Só depois de alguma insistência, os proponentes conseguiram ter alguma reacção à sua proposta. Ficaram, então, a saber que os órgãos do Agrupamento de Escolas de Azeitão a rejeitaram, alegando, nomeadamente, que a figura de Frei Agostinho da Cruz é “pouco abrangente”. Na mesma ocasião, segundo se soube, também foi rejeitada uma outra proposta, que desejava dar à instituição o nome “Serra da Arrábida”.
Quando soube do sucedido, fiquei estupefacto, tratando-se de uma instituição de ensino que também deveria ser de cultura, estando em causa um organismo público que deveria zelar pela valorização e promoção entre as crianças e jovens dos valores locais mais importantes, nomeadamente aqueles que têm expressão nacional e até internacional.
Recordei-me do passado, do tempo em que Frei Agostinho foi rejeitado por gente da mesma casa. Alegava-se que não era digno ter ali como referência “um padre” (espantemo-nos), mesmo sendo a sua poesia e a sua postura cívica tão importantes e reconhecidas. Pela mesma época, também se alegou que o nome de Zeca Afonso deveria ser posto de parte, porque era indigno ter ali “um comunista” como patrono (pasmemo-nos), apesar de ter sido professor nessa realidade escolar.
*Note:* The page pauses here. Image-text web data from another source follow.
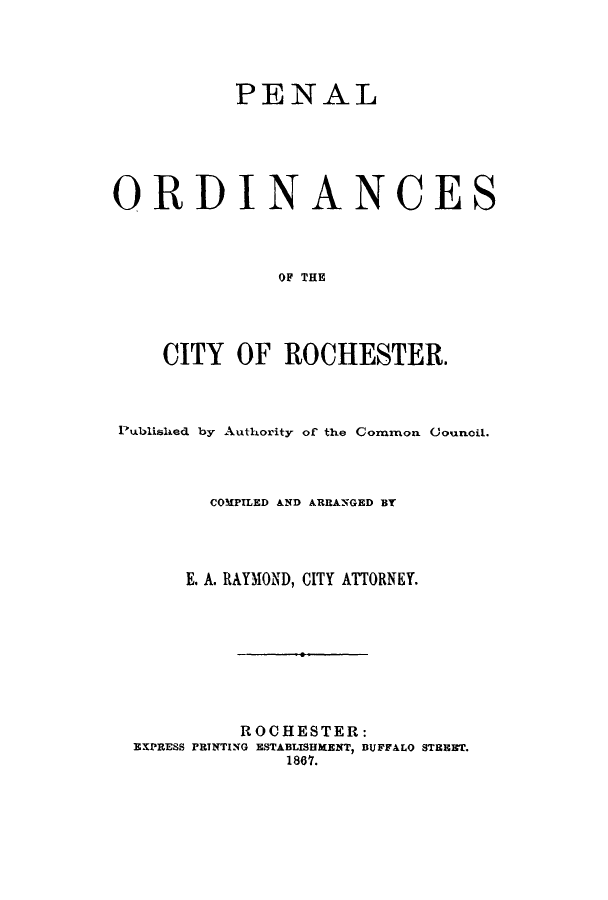 handle is hein.newyork/penorro0001 and id is 1 raw text is: PENAL
ORDINANCES
OF THE
CITY OF ROCHESTER.

Published by Authority of the Common Council.
COMPILED AND ARRANGED BY
E. A. RAYMOND, CITY ATTORNEY.
ROCHESTER:
EXPRESS PRINTING ESTABLISHMENT, BUFFALO STREET.
1867.


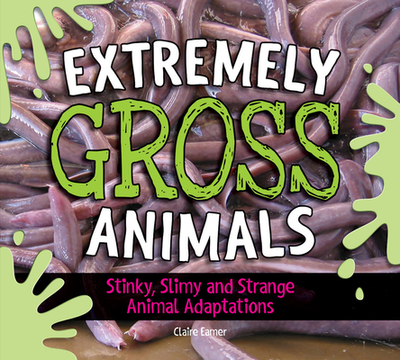 Extremely Gross Animals: Stinky, Slimy and Strange Animal Adaptations? - Eamer, Claire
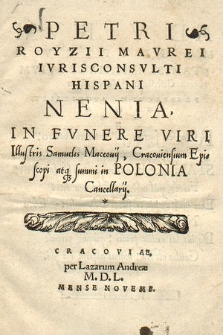 Petri Royzii Mavrei Ivrisconsvlti Hispani Nenia, In Fvnere Viri Illustris Samuelis Maceouij, Cracouiensium Episcopi atq[ue] summi in Polonia Cancellarij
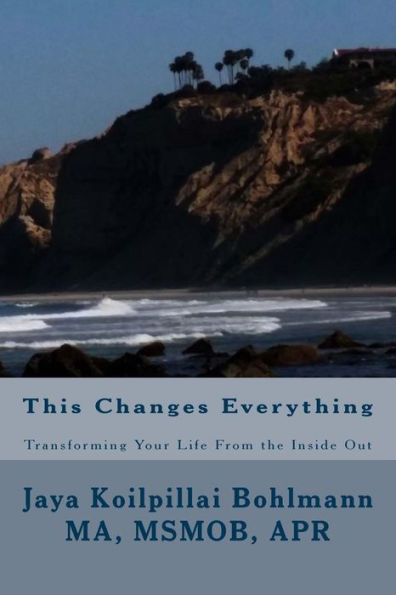 This Changes Everything: Transforming Your Life From The Inside Out
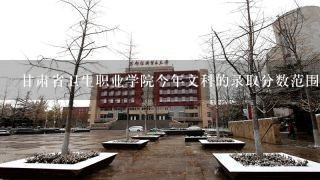 甘肃省卫生职业学院今年文科的录取分数范围是？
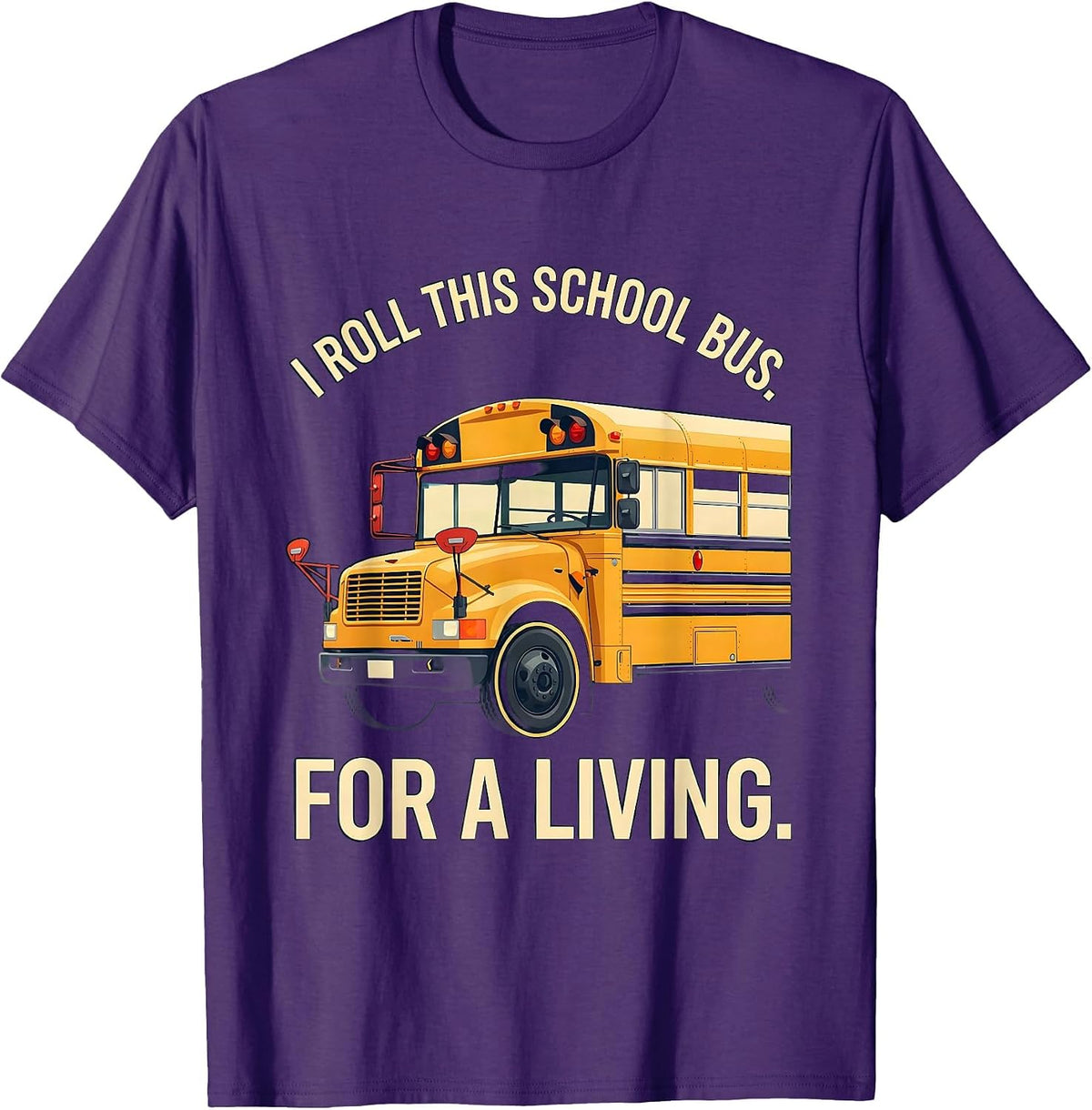 I Roll This School Bus For A Living Funny School Bus Driver T-Shirt - Purple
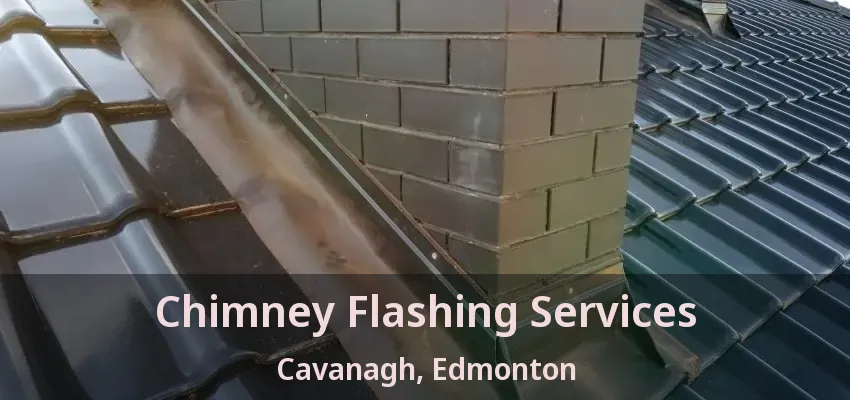 Chimney Flashing Services Cavanagh, Edmonton - AB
O cantautor José Afonso apreciava bastante Frei Agostinho da Cruz e a sua poesia, tal como ficou provado num livro de Albérico Afonso Costa. Infelizmente, no tempo cinzento e inculto em que vivemos, há quem tenha medo do poeta arrábido, talvez por ter proclamado nos seus versos não haver “melhor manjar que liberdade”.